Content starts
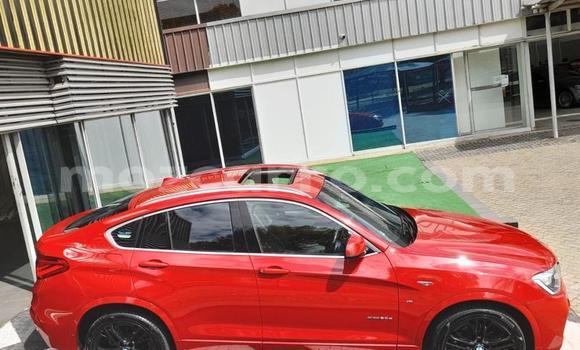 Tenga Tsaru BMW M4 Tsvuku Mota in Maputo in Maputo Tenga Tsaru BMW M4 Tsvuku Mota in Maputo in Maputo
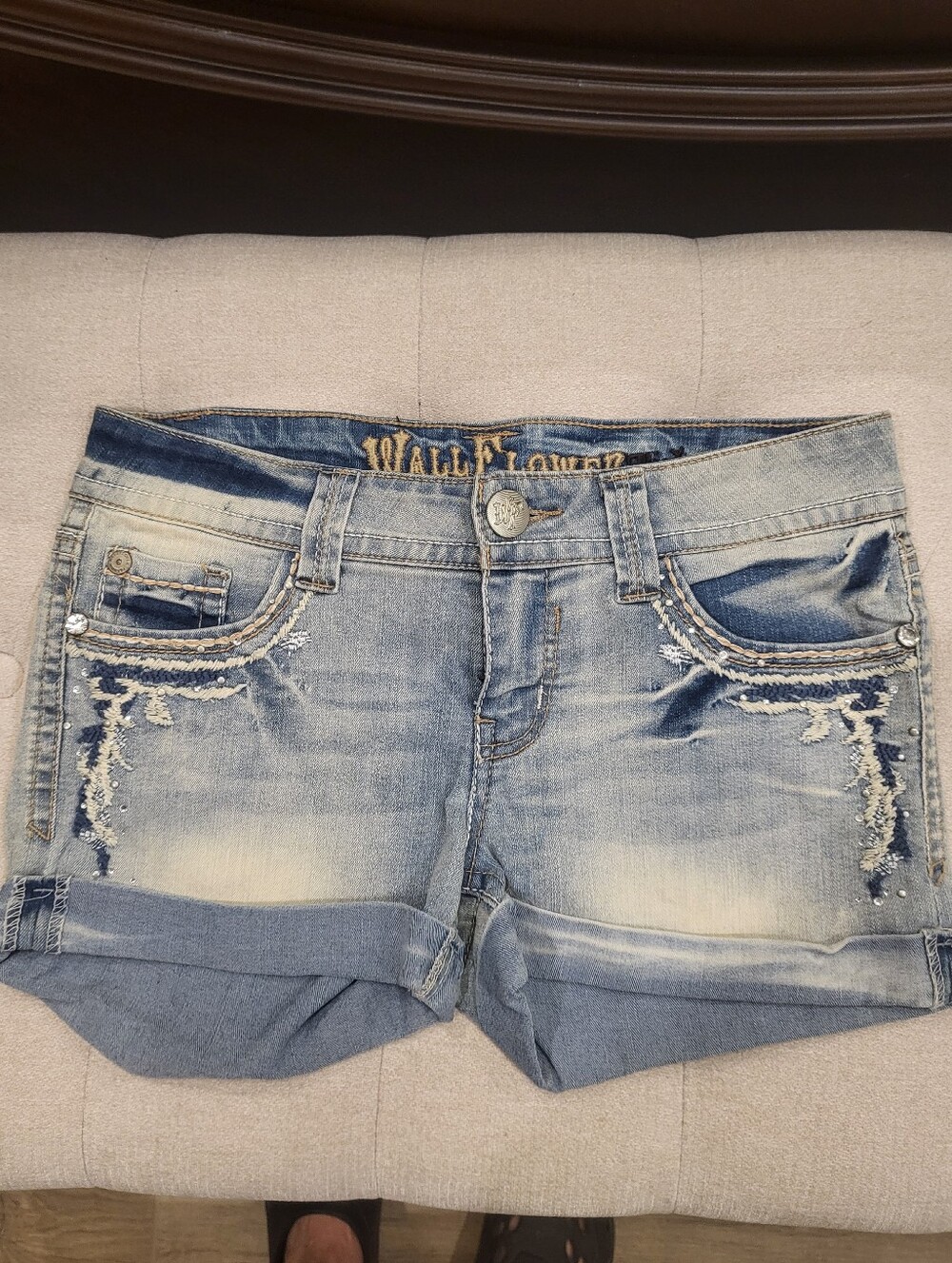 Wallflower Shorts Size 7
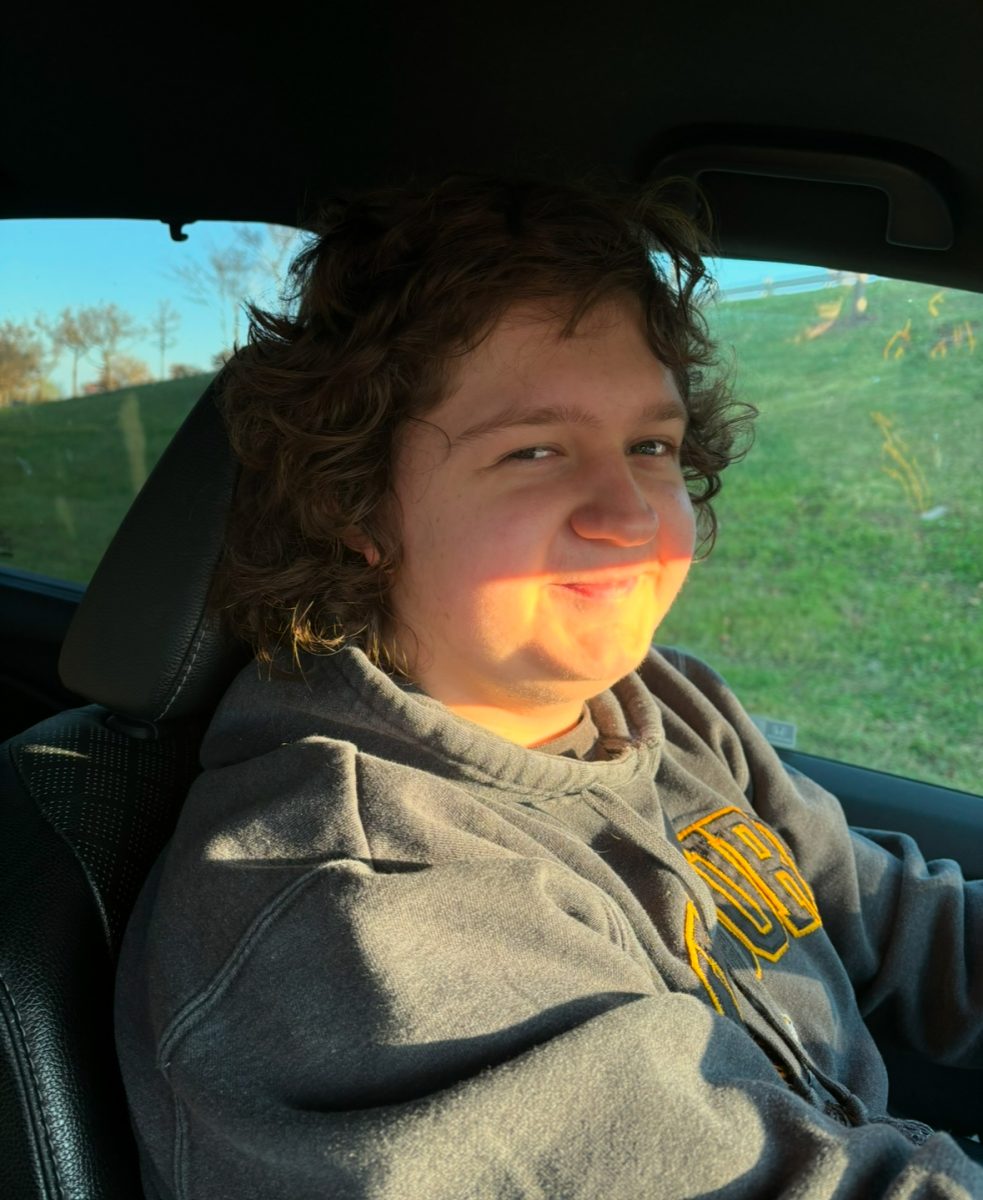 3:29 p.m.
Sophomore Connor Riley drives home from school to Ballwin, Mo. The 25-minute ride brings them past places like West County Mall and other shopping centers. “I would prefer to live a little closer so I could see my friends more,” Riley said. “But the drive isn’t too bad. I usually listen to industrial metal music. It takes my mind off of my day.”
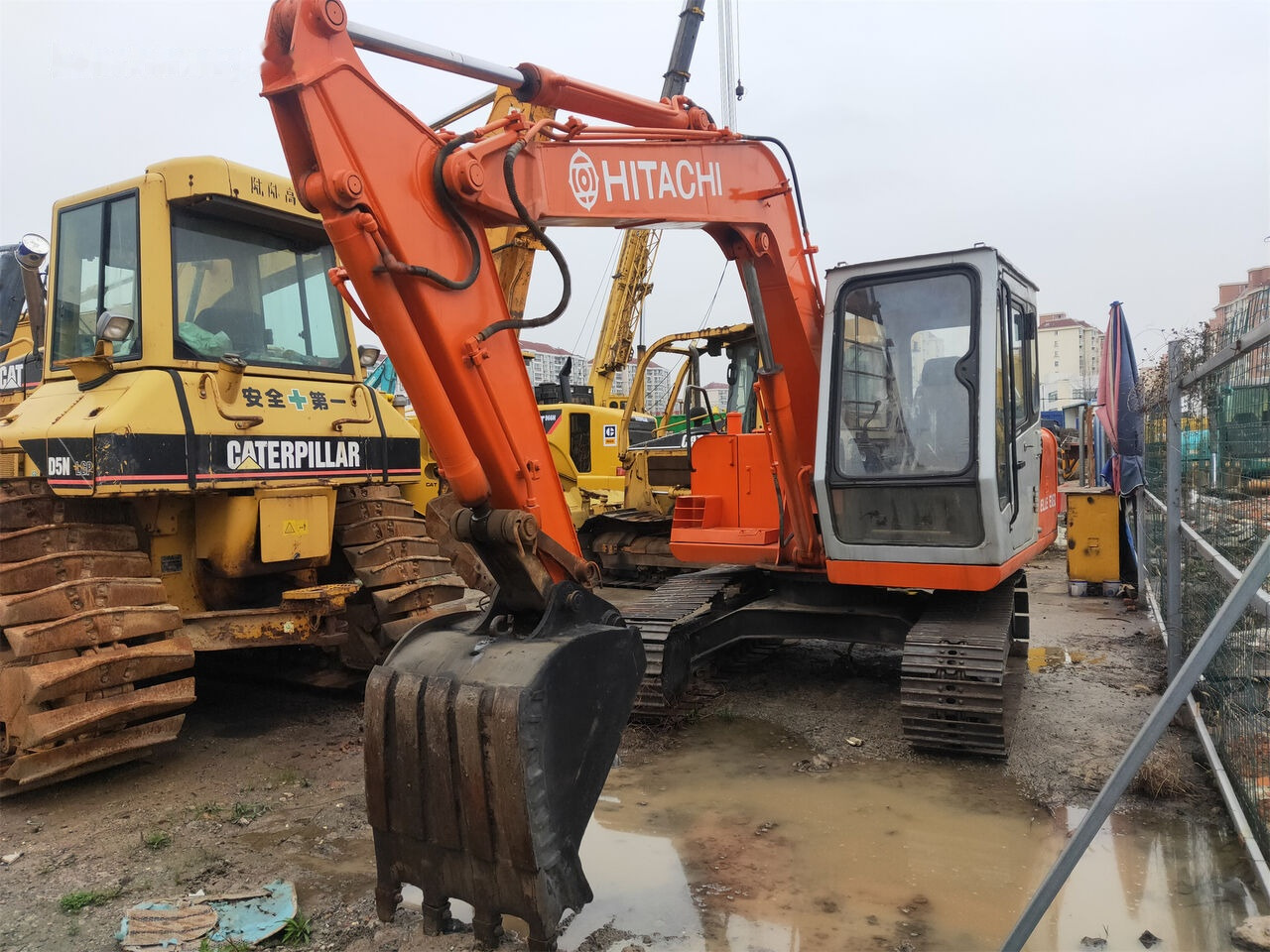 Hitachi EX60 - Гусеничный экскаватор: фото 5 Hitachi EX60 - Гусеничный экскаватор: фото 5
Content ends
> **THE TASK**
Copy out the material exactly as it stands, though no picture should appear in the copy.

> **PROBLEM SOLUTION**
 Tenga Tsaru BMW M4 Tsvuku Mota in Maputo in Maputo Tenga Tsaru BMW M4 Tsvuku Mota in Maputo in Maputo
 Wallflower Shorts Size 7
 3:29 p.m.
Sophomore Connor Riley drives home from school to Ballwin, Mo. The 25-minute ride brings them past places like West County Mall and other shopping centers. “I would prefer to live a little closer so I could see my friends more,” Riley said. “But the drive isn’t too bad. I usually listen to industrial metal music. It takes my mind off of my day.”
 Hitachi EX60 - Гусеничный экскаватор: фото 5 Hitachi EX60 - Гусеничный экскаватор: фото 5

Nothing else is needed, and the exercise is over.